Records for processing:
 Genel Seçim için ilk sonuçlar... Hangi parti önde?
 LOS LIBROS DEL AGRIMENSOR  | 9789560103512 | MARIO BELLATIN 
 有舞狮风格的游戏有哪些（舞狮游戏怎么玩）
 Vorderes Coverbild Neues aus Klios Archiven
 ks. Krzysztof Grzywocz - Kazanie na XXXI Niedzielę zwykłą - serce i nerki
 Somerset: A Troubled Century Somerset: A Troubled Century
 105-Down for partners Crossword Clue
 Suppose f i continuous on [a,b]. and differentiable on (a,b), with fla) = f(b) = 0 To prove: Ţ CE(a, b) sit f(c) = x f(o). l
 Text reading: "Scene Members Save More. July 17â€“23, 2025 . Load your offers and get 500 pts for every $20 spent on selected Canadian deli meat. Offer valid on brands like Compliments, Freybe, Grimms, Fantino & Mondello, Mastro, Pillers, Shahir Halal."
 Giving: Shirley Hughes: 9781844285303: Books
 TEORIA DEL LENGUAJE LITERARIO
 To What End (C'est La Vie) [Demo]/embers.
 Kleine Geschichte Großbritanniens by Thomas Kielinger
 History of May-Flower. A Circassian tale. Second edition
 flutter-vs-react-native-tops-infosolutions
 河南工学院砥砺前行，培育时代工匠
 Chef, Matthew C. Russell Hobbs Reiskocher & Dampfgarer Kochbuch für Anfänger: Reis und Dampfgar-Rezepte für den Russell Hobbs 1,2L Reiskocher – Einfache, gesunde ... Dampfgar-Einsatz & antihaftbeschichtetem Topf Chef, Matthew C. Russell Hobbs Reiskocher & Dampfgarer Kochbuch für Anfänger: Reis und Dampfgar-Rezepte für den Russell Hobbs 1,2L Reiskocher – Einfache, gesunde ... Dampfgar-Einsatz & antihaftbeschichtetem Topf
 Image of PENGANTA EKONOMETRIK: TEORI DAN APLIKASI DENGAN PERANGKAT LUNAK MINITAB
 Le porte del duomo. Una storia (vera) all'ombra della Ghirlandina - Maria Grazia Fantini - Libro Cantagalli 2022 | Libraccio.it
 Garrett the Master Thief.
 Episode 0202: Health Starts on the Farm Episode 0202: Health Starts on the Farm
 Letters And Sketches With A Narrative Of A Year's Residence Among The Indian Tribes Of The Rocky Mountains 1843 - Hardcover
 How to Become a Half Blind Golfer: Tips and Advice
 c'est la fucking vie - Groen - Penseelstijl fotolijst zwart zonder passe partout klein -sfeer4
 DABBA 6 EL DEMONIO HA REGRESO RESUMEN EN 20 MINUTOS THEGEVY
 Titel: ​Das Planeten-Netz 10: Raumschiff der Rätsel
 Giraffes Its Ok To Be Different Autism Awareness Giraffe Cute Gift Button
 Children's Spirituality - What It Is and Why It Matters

Problem statement: What is needed is a word-for-word copy of the material above.

Exercise solution:
 Genel Seçim için ilk sonuçlar... Hangi parti önde?
 LOS LIBROS DEL AGRIMENSOR  | 9789560103512 | MARIO BELLATIN 
 有舞狮风格的游戏有哪些（舞狮游戏怎么玩）
 Vorderes Coverbild Neues aus Klios Archiven
 ks. Krzysztof Grzywocz - Kazanie na XXXI Niedzielę zwykłą - serce i nerki
 Somerset: A Troubled Century Somerset: A Troubled Century
 105-Down for partners Crossword Clue
 Suppose f i continuous on [a,b]. and differentiable on (a,b), with fla) = f(b) = 0 To prove: Ţ CE(a, b) sit f(c) = x f(o). l
 Text reading: "Scene Members Save More. July 17â€“23, 2025 . Load your offers and get 500 pts for every $20 spent on selected Canadian deli meat. Offer valid on brands like Compliments, Freybe, Grimms, Fantino & Mondello, Mastro, Pillers, Shahir Halal."
 Giving: Shirley Hughes: 9781844285303: Books
 TEORIA DEL LENGUAJE LITERARIO
 To What End (C'est La Vie) [Demo]/embers.
 Kleine Geschichte Großbritanniens by Thomas Kielinger
 History of May-Flower. A Circassian tale. Second edition
 flutter-vs-react-native-tops-infosolutions
 河南工学院砥砺前行，培育时代工匠
 Chef, Matthew C. Russell Hobbs Reiskocher & Dampfgarer Kochbuch für Anfänger: Reis und Dampfgar-Rezepte für den Russell Hobbs 1,2L Reiskocher – Einfache, gesunde ... Dampfgar-Einsatz & antihaftbeschichtetem Topf Chef, Matthew C. Russell Hobbs Reiskocher & Dampfgarer Kochbuch für Anfänger: Reis und Dampfgar-Rezepte für den Russell Hobbs 1,2L Reiskocher – Einfache, gesunde ... Dampfgar-Einsatz & antihaftbeschichtetem Topf
 Image of PENGANTA EKONOMETRIK: TEORI DAN APLIKASI DENGAN PERANGKAT LUNAK MINITAB
 Le porte del duomo. Una storia (vera) all'ombra della Ghirlandina - Maria Grazia Fantini - Libro Cantagalli 2022 | Libraccio.it
 Garrett the Master Thief.
 Episode 0202: Health Starts on the Farm Episode 0202: Health Starts on the Farm
 Letters And Sketches With A Narrative Of A Year's Residence Among The Indian Tribes Of The Rocky Mountains 1843 - Hardcover
 How to Become a Half Blind Golfer: Tips and Advice
 c'est la fucking vie - Groen - Penseelstijl fotolijst zwart zonder passe partout klein -sfeer4
 DABBA 6 EL DEMONIO HA REGRESO RESUMEN EN 20 MINUTOS THEGEVY
 Titel: ​Das Planeten-Netz 10: Raumschiff der Rätsel
 Giraffes Its Ok To Be Different Autism Awareness Giraffe Cute Gift Button
 Children's Spirituality - What It Is and Why It Matters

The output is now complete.